Schematic of a Generative Adversarial Networks (GAN). A GAN consists of two components: the generator and the discriminator. The generator tries to generate data samples that follow the true data distribution, while the discriminator’s role is to differentiate between real and generated data samples. Via the loss function, the generator and discriminator are trained in an adversarial manner. Own drawing.

GANs consist of two principal components: the generator and the discriminator. The generator tries to generate data samples that follow the true data distribution, while the discriminator’s role is to differentiate between real and generated data samples.

The loss function in GANs is defined based on the game-theoretic concept of a two-player minimax gameꜛ. The generator aims to minimize the function, whereas the discriminator strives to maximize it. Let $G$ be the generator and $D$ the discriminator. The value function $V(G, D)$ for the minimax game is as follows:

\[\min_G \max_D V(D, G) = E_{x\sim p_data(x)}[\log D(x)]\] \[+ E_{z\sim p_z(z)}[\log(1 - D(G(z)))]\]

Here, the first term of the value function represents the expected value of the log-probability of the discriminator correctly classifying a real sample. The second term indicates the expected value of the log-probability of the discriminator incorrectly classifying a sample from the generator.

Issues with GANs

Despite the theoretical elegance and practical success of GANs, they are prone to some issues:

Mode collapse: This phenomenon occurs when the generator produces limited varieties of samples, thereby failing to capture the diversity of the real data distribution. If you want to learn more about, I recommend reading the post Mode Collapse and WGANsꜛ by Kun Ouyang, which provide a more in-depth discussion.
Vanishing gradients: During the training process, the discriminator may become so efficient that it perfectly classifies the real and fake samples, causing the gradients that update the generator to vanish.
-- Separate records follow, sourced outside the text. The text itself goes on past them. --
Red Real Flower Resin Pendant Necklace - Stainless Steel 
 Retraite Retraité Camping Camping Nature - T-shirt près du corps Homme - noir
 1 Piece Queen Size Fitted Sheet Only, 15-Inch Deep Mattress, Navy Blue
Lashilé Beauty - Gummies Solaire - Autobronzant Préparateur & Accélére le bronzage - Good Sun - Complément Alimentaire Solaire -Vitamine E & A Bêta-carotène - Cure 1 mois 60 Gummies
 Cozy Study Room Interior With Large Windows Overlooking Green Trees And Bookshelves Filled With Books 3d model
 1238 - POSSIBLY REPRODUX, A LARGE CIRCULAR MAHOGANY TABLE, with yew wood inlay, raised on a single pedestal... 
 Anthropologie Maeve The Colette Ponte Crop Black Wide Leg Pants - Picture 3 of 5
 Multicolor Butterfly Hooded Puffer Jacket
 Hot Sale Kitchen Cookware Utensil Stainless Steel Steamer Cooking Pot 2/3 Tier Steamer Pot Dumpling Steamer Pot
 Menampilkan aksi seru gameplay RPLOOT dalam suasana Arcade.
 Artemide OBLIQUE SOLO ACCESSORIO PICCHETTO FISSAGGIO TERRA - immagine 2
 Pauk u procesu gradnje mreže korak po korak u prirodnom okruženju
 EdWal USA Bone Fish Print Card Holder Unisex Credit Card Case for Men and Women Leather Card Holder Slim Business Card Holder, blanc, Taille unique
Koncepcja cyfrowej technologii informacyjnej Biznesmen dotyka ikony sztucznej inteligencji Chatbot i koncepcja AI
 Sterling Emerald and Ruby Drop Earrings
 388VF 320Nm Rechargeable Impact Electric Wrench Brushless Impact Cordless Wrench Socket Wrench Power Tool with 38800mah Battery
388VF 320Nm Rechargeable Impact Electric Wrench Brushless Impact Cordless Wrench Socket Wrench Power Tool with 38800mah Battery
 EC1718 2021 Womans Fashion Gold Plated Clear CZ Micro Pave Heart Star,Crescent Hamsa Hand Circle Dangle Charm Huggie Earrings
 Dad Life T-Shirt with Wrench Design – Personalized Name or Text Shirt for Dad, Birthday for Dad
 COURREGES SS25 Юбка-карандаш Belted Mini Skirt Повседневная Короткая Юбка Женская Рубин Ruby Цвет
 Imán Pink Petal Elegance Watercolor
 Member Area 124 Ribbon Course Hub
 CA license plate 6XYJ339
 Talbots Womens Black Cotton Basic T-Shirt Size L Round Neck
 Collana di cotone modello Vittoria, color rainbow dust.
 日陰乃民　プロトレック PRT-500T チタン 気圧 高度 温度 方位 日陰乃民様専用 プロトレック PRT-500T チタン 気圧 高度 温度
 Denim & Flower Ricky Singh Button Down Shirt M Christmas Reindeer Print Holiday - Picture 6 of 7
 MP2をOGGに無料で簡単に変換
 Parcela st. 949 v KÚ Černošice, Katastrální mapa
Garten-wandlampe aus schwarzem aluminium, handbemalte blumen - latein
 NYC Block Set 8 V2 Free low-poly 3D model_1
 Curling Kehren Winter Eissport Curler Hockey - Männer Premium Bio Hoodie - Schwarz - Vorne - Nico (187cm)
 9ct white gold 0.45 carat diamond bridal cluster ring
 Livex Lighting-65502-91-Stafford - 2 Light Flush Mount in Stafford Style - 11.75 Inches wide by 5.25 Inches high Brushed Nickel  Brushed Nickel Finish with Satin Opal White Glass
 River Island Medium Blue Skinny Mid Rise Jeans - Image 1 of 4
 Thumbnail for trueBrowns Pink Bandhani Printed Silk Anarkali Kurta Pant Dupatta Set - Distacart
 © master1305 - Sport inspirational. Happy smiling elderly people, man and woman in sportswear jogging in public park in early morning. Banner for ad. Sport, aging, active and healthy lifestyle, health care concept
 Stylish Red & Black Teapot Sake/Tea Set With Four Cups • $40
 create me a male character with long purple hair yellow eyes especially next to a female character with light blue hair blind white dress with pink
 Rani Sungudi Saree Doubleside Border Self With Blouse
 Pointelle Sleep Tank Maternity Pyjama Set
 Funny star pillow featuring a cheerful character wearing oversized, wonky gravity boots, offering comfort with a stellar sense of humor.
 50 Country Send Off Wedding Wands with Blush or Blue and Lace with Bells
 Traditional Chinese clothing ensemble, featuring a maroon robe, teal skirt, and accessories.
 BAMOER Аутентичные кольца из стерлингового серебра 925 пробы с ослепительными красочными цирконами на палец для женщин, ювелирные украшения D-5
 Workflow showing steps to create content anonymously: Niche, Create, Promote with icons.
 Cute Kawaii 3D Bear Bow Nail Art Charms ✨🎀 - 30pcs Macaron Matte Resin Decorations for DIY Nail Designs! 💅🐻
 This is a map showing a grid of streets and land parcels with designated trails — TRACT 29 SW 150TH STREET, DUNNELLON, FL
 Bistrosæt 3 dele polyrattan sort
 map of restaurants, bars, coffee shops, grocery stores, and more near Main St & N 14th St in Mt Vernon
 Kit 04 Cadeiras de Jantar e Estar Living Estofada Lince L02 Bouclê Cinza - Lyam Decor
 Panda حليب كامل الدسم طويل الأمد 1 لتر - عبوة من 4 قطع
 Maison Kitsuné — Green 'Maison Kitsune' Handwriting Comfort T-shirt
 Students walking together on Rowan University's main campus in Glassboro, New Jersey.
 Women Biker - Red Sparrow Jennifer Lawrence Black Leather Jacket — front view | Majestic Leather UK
This situation hinders further learning. The Wikipedia article on the Vanishing gradient problemꜛ from Wikipedia provides a good overview of this issue.

Wasserstein GANs

To mitigate the issues related to GANs, Arjovsky et al.ꜛ introduced Wasserstein GANs (WGANs) in 2017. WGANs leverage the concept of the Earth Mover’s (Wasserstein) distance to measure the distance between the real and generated distributions.

The fundamental innovation in WGAN is the replacement of the standard GAN loss function with the Wasserstein loss function. This change offers a more stable training process, primarily because the Wasserstein distance provides meaningful and smooth gradients almost everywhere.

The WGAN value function is defined as follows:

\[\min_G \max_D V(D, G) = E_{x\sim p_data(x)}[D(x)] -\] \[E_{z\sim p_z(z)}[D(G(z))]\]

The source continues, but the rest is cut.